L’export si conferma traino dell’economia italiana, le stime 2019 sono positive ma le imprese devono scegliere con attenzione i mercati di maggior interesse per l’internazionalizzazione, valutandone rischi connessi alle incertezze macroeconomiche (esempio: politiche protezionistiche, Brexit) e potenzialità, con un focus prioritario su Cina, India, Vietnam, Qatar e Indonesia: sono le evidenze del Rapporto Sace – Simest 2019, Export Karma – Export Karma Il futuro delle imprese italiane passa ancora per i mercati esteri.
Per l’export si prevede quest’anno un incremento del 3,4% per le esportazioni (in linea con il +3,1% del 2018) e una ripresa più robusta nei prossimi anni (+4,3% in media nel triennio 2020-2022).
Nelle 20 aree geografiche privilegiate per il Made in Italy, crescerà a un tasso medio annuo del 4,8% tra il 2019 e il 2022, quasi un punto in più rispetto alla media internazionale.
Dove esportare
Sace prevede tassi superiori al 7% in Vietnam, Cina e India, stime positive anche per Indonesia (+5,3%), Kenya e Qatar, Sudafrica. Ecco il quadro preciso, completo di dati sul valore delle esportazione e stime di crescita 2019.
=> Cina, nuova Eldorado per le imprese italiane
Ci sono poi tre mercati chiave su cui puntare in modo mirato, ovvero Brasile, India ed Emirati, sui quali il report fornisce schede e approfondimenti, con testimonianze di aziende e consigli pratici per le PMI. Questi paesi stanno varando programmi di upgrade industriale, miglioramento infrastrutturale e sviluppo urbanistico per sostenere la crescita, dimostrando maggiore apertura alle partnership estere, e secondo il report nel 2022 domanderanno dall’Italia 2,5 miliardi di euro di export aggiuntivo rispetto al 2018.

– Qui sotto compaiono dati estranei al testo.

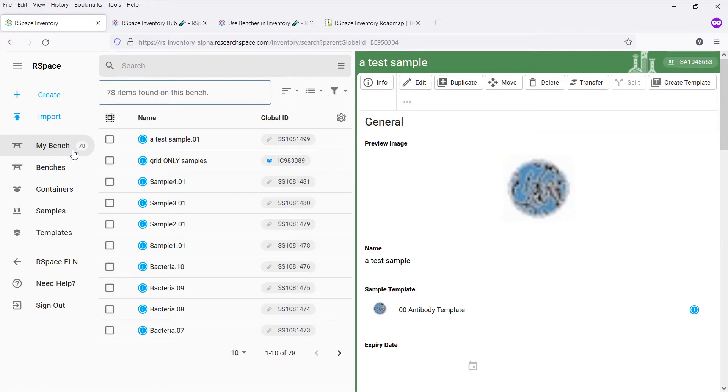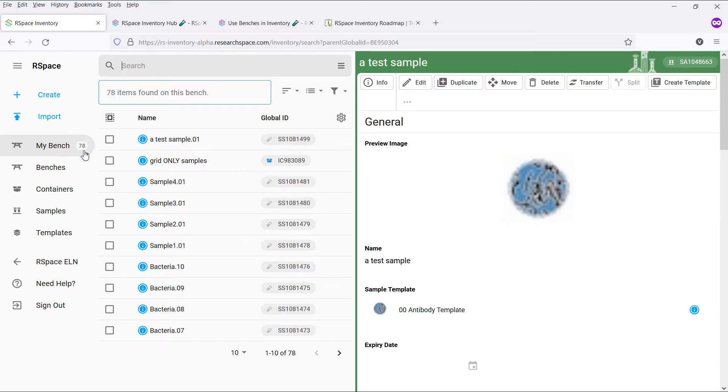Your personal bench can be accessed through the sidebar link, which also includes a counter of how many items you currently have on your bench. You might want to move an item to your bench if you have checked it out from a freezer and are currently working with it, so your colleagues know that this item can be found with you.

=> Esportare: l’aiuto arriva da libero scambio e digitale
Settori di punta
Per quanto riguarda i settori, la parte del leone spetta all’agrifood +3,8%, seguito da beni intermedi +3,6% e beni di consumo +3,4%, mentre i beni di investimento sono il fanalino di coda con il 3,1%. Come si vede, si tratta in ogni caso di dinamiche molto simili, comprese in un intervallo fra +3,1 e 3,8%.
Il report presenta dati precisi sui trend attesi per singole attività nei diversi paesi.
Segnaliamo gli approfondimenti legati a due scenari particolari, il primo legato alla cosiddetta guerra dei dazi che ipotizza un rallentamento della Cina e delle economie emergenti, il secondo invece relativo a una “Brexit disordinata” che impatterebbe sulla domanda di Made in Italy nelle economie avanzate.
Fra gli altri driver individuati, interessante quello legato all’aumento dei tassi di urbanizzazione nei prossimi anni, che riguarda in particolare Asia e Africa, e potrà tradursi in nuove opportunità per le imprese italiane di macchinari, apparecchi elettrici, metalli, prodotti chimici e farmaceutici, alimentari e bevande, tessile e abbigliamento.
«L’export italiano ha sempre dimostrato di avere le risorse giuste per affrontare congiunture avverse e complessità e anche questa fase non fa eccezione» spiega Beniamino Quintieri, presidente Sace.
Il punto di forza del Made in Italy è rappresentato da un’offerta di sempre più alta qualità, un «fattore che ci contraddistingue sui mercati esteri e che è strategico in questa congiuntura perché ci mette, almeno in parte, al riparo dalle conseguenze dirette di dinamiche quali la guerra commerciale».